→ **What you are asked to do**: Each line below must be set down exactly as it stands.

□ □ □ □ □

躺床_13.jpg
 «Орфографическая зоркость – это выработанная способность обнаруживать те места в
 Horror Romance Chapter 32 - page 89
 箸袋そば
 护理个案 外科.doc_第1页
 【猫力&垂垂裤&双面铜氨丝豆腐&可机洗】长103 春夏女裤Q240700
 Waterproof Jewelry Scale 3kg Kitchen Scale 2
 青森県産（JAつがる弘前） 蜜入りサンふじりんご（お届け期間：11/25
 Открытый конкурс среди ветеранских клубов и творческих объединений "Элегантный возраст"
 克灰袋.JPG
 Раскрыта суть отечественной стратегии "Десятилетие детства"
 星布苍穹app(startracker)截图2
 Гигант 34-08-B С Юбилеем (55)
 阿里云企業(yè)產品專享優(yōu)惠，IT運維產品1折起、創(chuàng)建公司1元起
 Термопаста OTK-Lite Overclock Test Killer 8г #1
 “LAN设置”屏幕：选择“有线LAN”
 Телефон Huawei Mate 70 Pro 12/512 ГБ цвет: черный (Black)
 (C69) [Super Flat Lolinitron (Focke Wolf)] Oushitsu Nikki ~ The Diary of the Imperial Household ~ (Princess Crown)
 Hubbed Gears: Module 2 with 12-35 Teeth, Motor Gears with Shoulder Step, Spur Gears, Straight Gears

□ □ □ □ □

→ **Answer to this problem**:
躺床_13.jpg
 «Орфографическая зоркость – это выработанная способность обнаруживать те места в
 Horror Romance Chapter 32 - page 89
 箸袋そば
 护理个案 外科.doc_第1页
 【猫力&垂垂裤&双面铜氨丝豆腐&可机洗】长103 春夏女裤Q240700
 Waterproof Jewelry Scale 3kg Kitchen Scale 2
 青森県産（JAつがる弘前） 蜜入りサンふじりんご（お届け期間：11/25
 Открытый конкурс среди ветеранских клубов и творческих объединений "Элегантный возраст"
 克灰袋.JPG
 Раскрыта суть отечественной стратегии "Десятилетие детства"
 星布苍穹app(startracker)截图2
 Гигант 34-08-B С Юбилеем (55)
 阿里云企業(yè)產品專享優(yōu)惠，IT運維產品1折起、創(chuàng)建公司1元起
 Термопаста OTK-Lite Overclock Test Killer 8г #1
 “LAN设置”屏幕：选择“有线LAN”
 Телефон Huawei Mate 70 Pro 12/512 ГБ цвет: черный (Black)
 (C69) [Super Flat Lolinitron (Focke Wolf)] Oushitsu Nikki ~ The Diary of the Imperial Household ~ (Princess Crown)
 Hubbed Gears: Module 2 with 12-35 Teeth, Motor Gears with Shoulder Step, Spur Gears, Straight Gears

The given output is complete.